Starting from the line that holds "Herren Sommer Atmungsaktive", output exactly each line through the end of the listing. Do not copy pictures.
##### Data
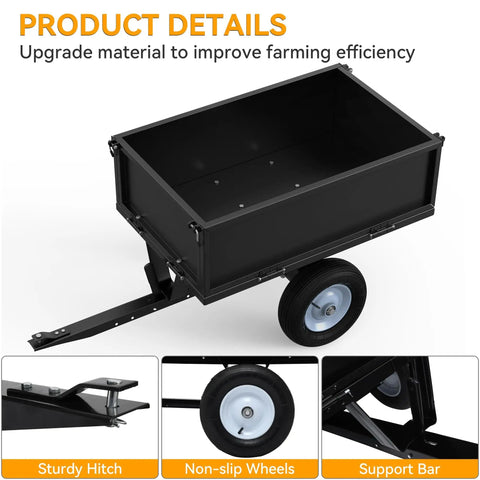 Beefy Heavy Duty Steel Dump Cart For ATVs And Tractors With Fold Down Side Panels 500 Lb Capacity Utility Trailer with black finish
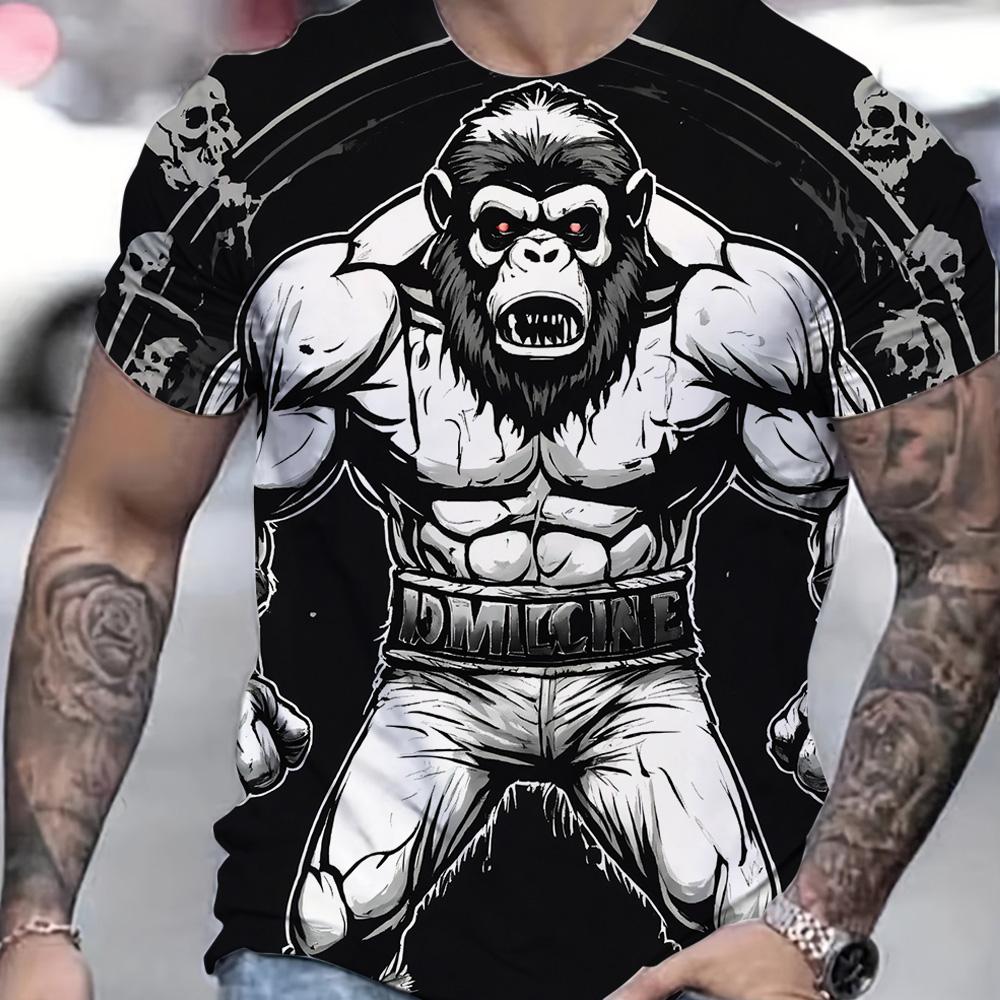 Herren Sommer Atmungsaktive Schnelltrocknende Sportoberteile Modische Boxen Kurzarm T-Shirts L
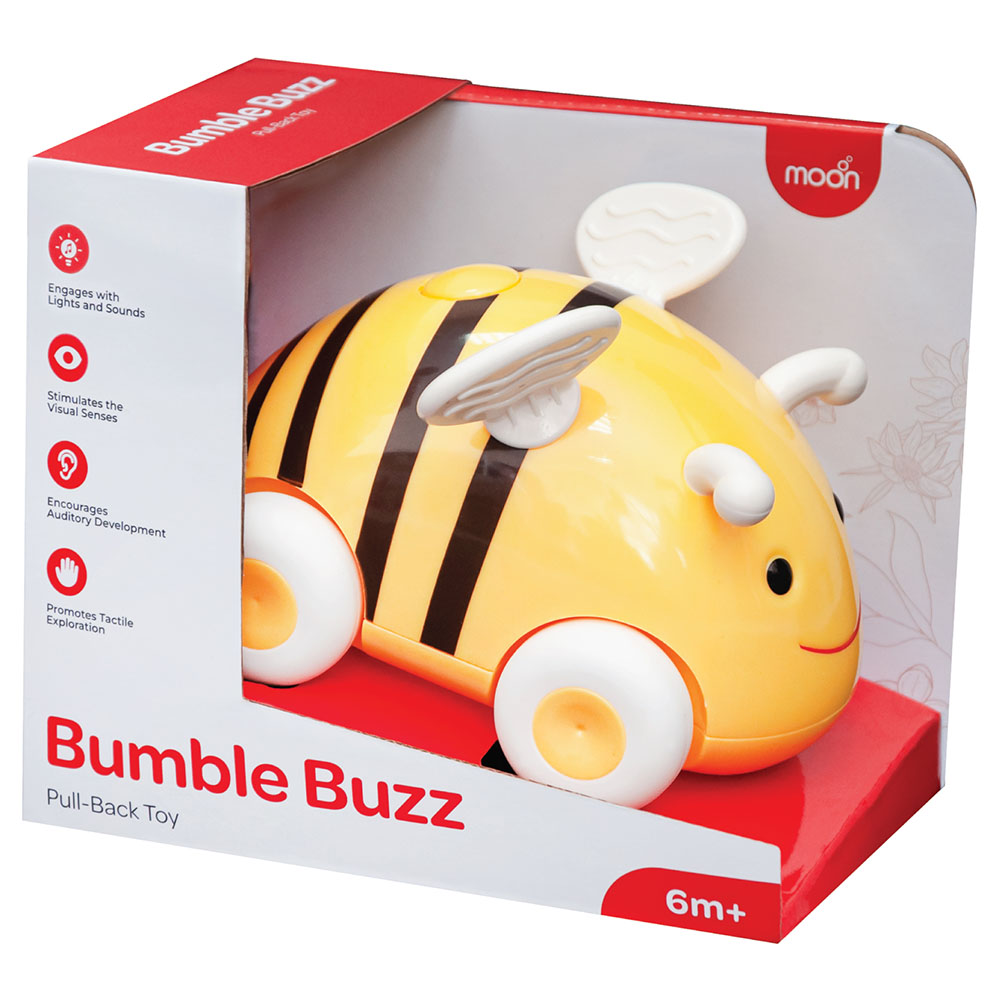 Moon - Bumble Buzz Pull Back Toy with Lights & Music - Bee - Yellow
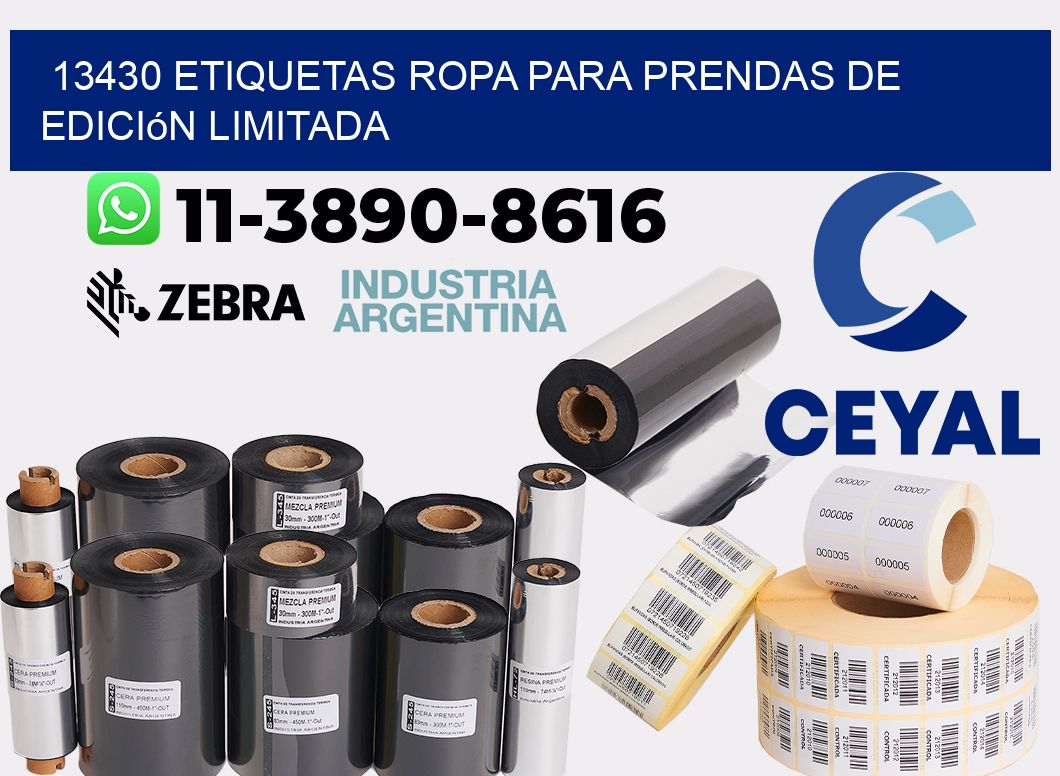 13430 Etiquetas ropa para prendas de edición limitada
##########
Answer:
 Herren Sommer Atmungsaktive Schnelltrocknende Sportoberteile Modische Boxen Kurzarm T-Shirts L
 Moon - Bumble Buzz Pull Back Toy with Lights & Music - Bee - Yellow
 13430 Etiquetas ropa para prendas de edición limitada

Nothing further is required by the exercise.